Deleting a word at the beginning of the line will do the trick:

dw

If you want to repeat that for every line in the file that begins with whitespace:

:g/^ /norm dw
5
  • this only works if no line starts without leading spaces
    – Naumann
    Commented Jun 21, 2017 at 10:14
  • yes. the purpose of the match on /^ / is to apply the dw command only on lines that start with a whitespace
    – mkm
    Commented Jun 21, 2017 at 15:26
  • Could you explain what this command does? I know this is a regex match, what's the difference between :g/ and :s/? And what does the '/norm dw' do?
    – Harv
    Commented Jun 22, 2017 at 19:29
  • g executes a command on every line that matches a given regexp. In this case it executes the dw command in normal mode (hence the norm). If you don't specifiy norm it will interpret the commands as ex commands. s instead substitutes. g/re/p executes the p (print) ex command for every line matching a regexp. Here's where the name of the grep command comes from.
    – mkm
    Commented Jun 25, 2017 at 17:20
  • This is awesome. I've worked in vi for decades and didn't know this. Commented Dec 16, 2020 at 18:59
3

Using vi you should be able to type

<Esc>:%left<CR>

to left-align the whole file.

1
  • 4
    Welcome to Vi and Vim! I've edited your post with a little formatting (and expanded what I understood to be the left command). It might be worth adding some explanation with an edit—in particular, what if someone doesn't want to :left the whole file?
    – D. Ben Knoble
    Commented Mar 15, 2021 at 13:42
2

Here is a single command to do it (starting in Normal mode, on the line you want to modify):

I<c-w><esc>

This switches to Insert mode and positions the cursor on the first non-whitespace character. Ctrl-w will then delete to the beginning of the line.
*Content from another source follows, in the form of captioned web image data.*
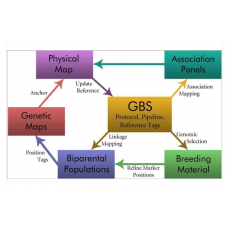 RAD Sequencing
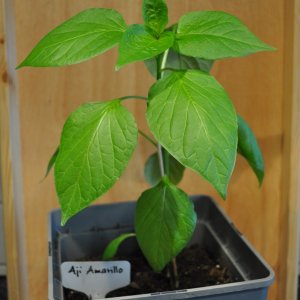 Aji Amarillo
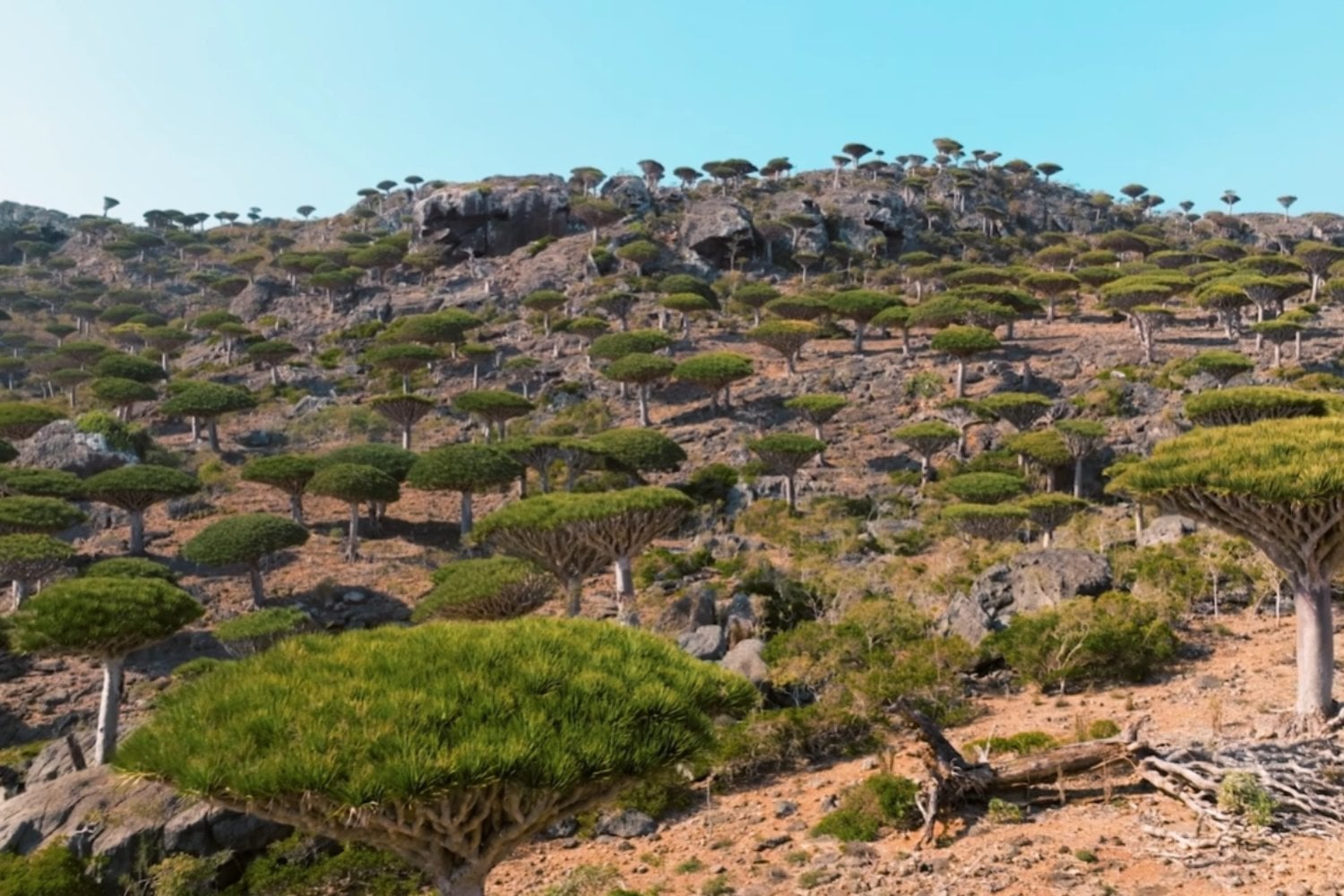 Parece otro planeta, pero está en la Tierra: la isla con árboles de Sangre de Dragón y cientos de especies únicas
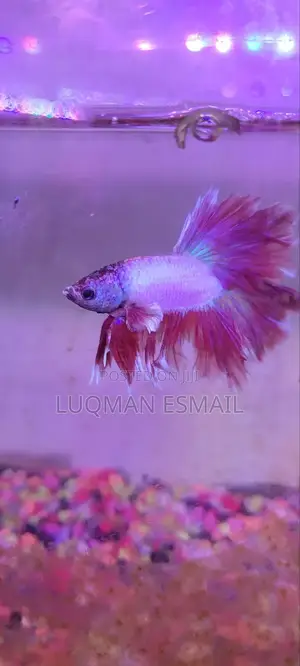 Betta Fish Siamese Fighters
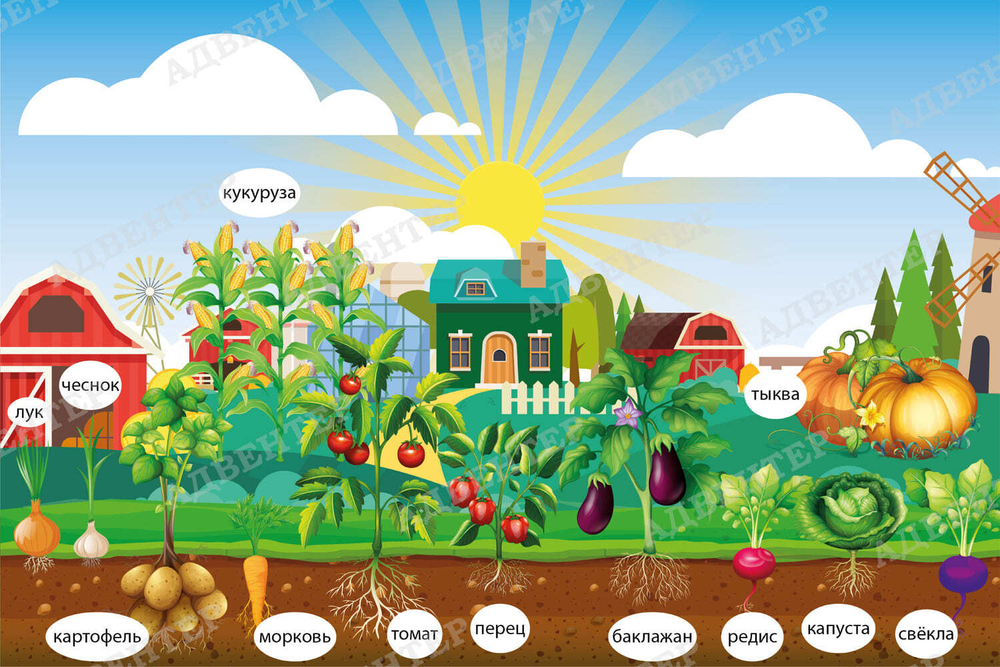 Тематический виниловый элемент Ферма. Овощи 1726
This can then be . repeated on any other line, from any column.

1

In normal mode i use d/\w<CR> I often find my self using / or ? to make big surgical jumps/deletions/selections

0

I've written a function for this (add this in your .vimrc) :

function RTS()
"Remove trailing spaces in every line"
    let nl = line('$')
    exe ":normal gg"
    for i in range(1, nl)
        exe ":normal 0d^j"
    endfor
endfunction

then call it whenever you want to use it:

:call RTS()
2
  • This looks pretty inefficient, and I don't see the need for a function here. You could do something similar with :global/./normal! 0d^ (no :execute needed), or even :%substitute/^\s*//, or :%left, but these are already covered.
    – D. Ben Knoble
    Commented Jan 25, 2022 at 14:27
  • I suppose you're right about inefficiency, but it's just a solution that came to my mind and was not covered here.
    – LRDPRDX
    Commented Jan 26, 2022 at 5:50
0

Not answering for this specific task, but I personally prefer df<char> and dt<char> or with c operator.
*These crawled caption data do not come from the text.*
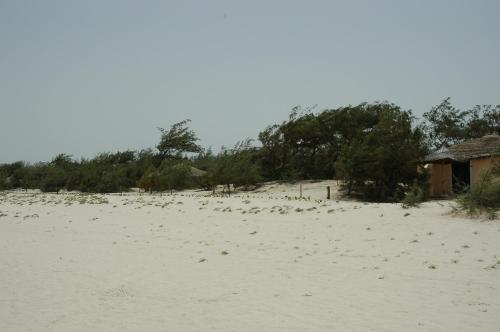 Galeriebild der Unterkunft Diamarek Hotel Sur La Plage in St. Louis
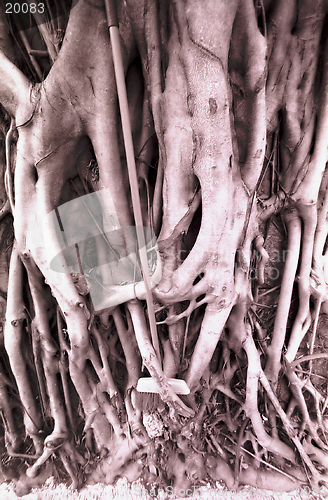 Image of Banyan tree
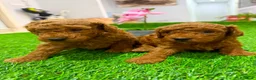 Caniche Toy perros en venta: Caniche toy rojo - Anuncio 1
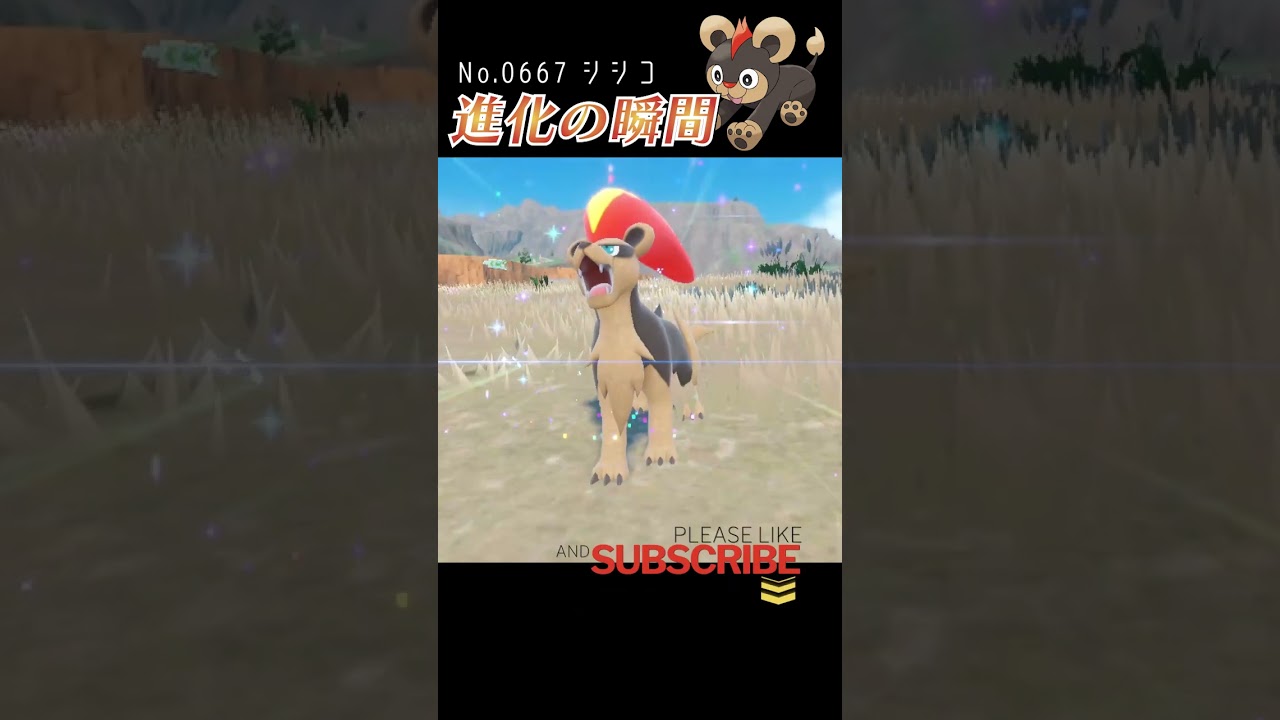 【バイオレット】シシコ 進化の瞬間 #shorts 【メスのすがた】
Once you are familiar with it, it deals with most cases more consistently by deleting from your cursor position to a specified character (f for inclusive, t for exclusive) at the cost of only one more keystroke than the optimal d^ and involving no complex mind calculation (IMHO, you'd better avoid F and T for backward search which do not include the character under cursor, this places more burden on memory and mind).
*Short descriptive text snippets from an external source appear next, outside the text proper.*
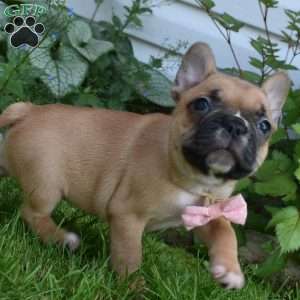 Lacy, French Bulldog Mix Puppy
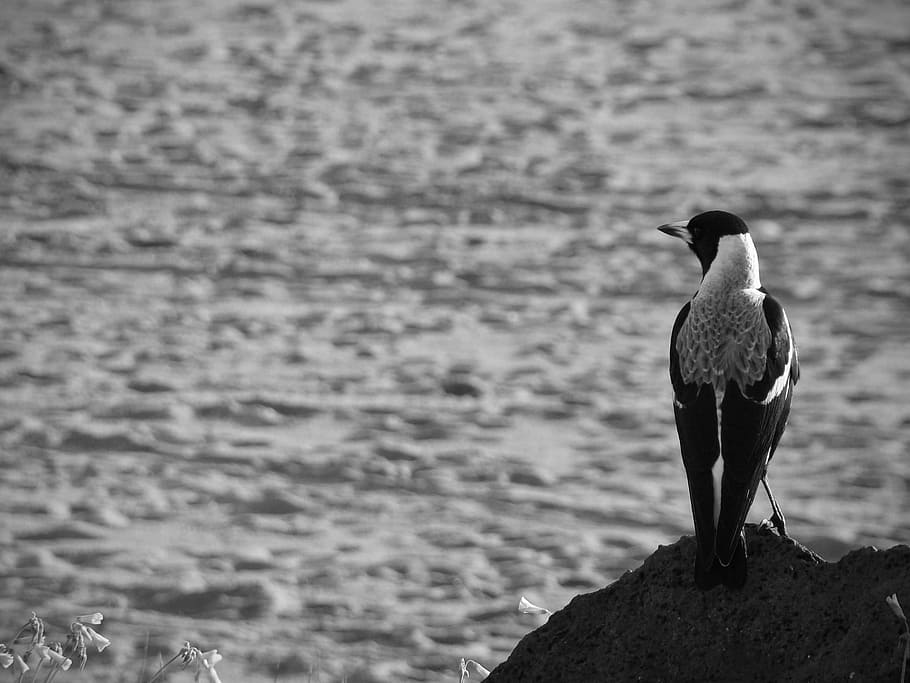 Magpie, Bird, Crow, Corvidae, Coast, ocean, holarctic, wildlife HD wallpaper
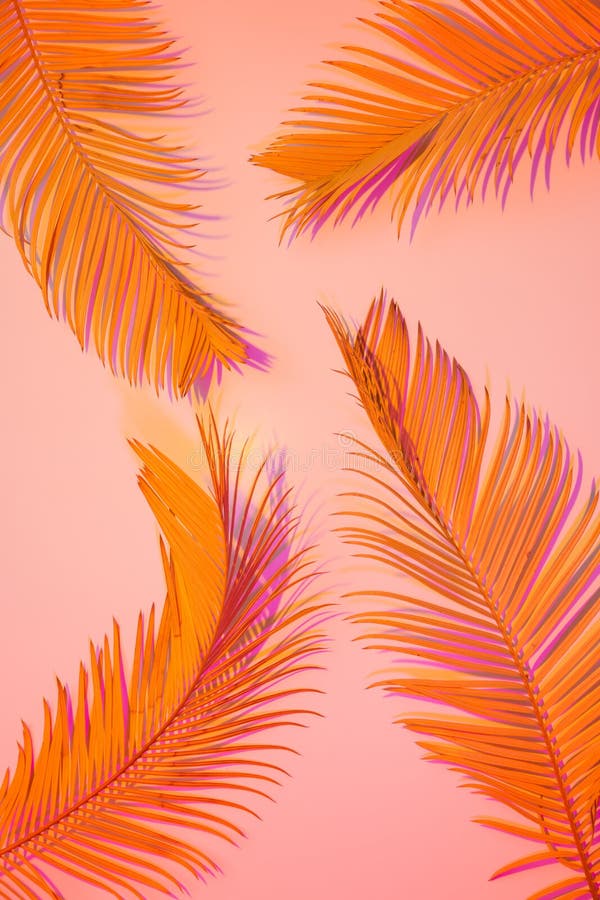 Tropischer Sommerhintergrund - bunte exotische Blätter lizenzfreie stockfotos Tropischer Sommerhintergrund - bunte exotische Blätter lizenzfreie stockfotos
e.g. some of my often used commands: dt) df, cf etc. You only need to count characters or resort to Visual Mode (also remember using f or t to move cursor!) when there are multiple occurrences of the character, which seems to be a rare case for me. Also often we want to delete to a delimiter, such as , ; , which stands out clearly in the text, making obviously the argument of the command and even aiding quickly counting occurrences.